_Task goal_
Whenever a line in the material below includes "Blue", copy that line.

*** Opening of Data supplied ***

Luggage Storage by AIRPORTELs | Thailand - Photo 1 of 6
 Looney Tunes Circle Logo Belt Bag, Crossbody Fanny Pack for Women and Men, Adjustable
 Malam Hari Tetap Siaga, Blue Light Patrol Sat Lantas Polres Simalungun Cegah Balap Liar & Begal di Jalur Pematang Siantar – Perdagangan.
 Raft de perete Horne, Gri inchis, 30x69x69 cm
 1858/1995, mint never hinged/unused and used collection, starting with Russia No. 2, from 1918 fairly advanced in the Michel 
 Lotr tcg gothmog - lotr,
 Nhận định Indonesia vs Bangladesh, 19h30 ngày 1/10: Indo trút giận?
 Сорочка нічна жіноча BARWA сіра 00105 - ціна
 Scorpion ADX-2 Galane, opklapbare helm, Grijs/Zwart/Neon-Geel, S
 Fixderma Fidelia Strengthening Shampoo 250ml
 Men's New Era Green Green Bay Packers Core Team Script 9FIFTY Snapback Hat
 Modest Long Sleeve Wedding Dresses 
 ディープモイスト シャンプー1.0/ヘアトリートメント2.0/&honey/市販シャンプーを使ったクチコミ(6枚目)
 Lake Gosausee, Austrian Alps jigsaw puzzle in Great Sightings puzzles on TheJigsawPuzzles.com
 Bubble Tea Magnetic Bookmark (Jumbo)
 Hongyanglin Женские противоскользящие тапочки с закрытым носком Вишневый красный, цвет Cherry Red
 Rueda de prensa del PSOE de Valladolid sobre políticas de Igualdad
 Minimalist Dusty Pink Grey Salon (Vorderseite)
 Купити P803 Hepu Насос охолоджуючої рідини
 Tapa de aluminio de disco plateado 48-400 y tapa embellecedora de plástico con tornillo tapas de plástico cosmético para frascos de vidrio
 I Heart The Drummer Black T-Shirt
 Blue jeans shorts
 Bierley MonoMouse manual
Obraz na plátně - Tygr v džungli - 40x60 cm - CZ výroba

*** Close of Data supplied ***

_Response for this exercise_
 Malam Hari Tetap Siaga, Blue Light Patrol Sat Lantas Polres Simalungun Cegah Balap Liar & Begal di Jalur Pematang Siantar – Perdagangan.
 Blue jeans shorts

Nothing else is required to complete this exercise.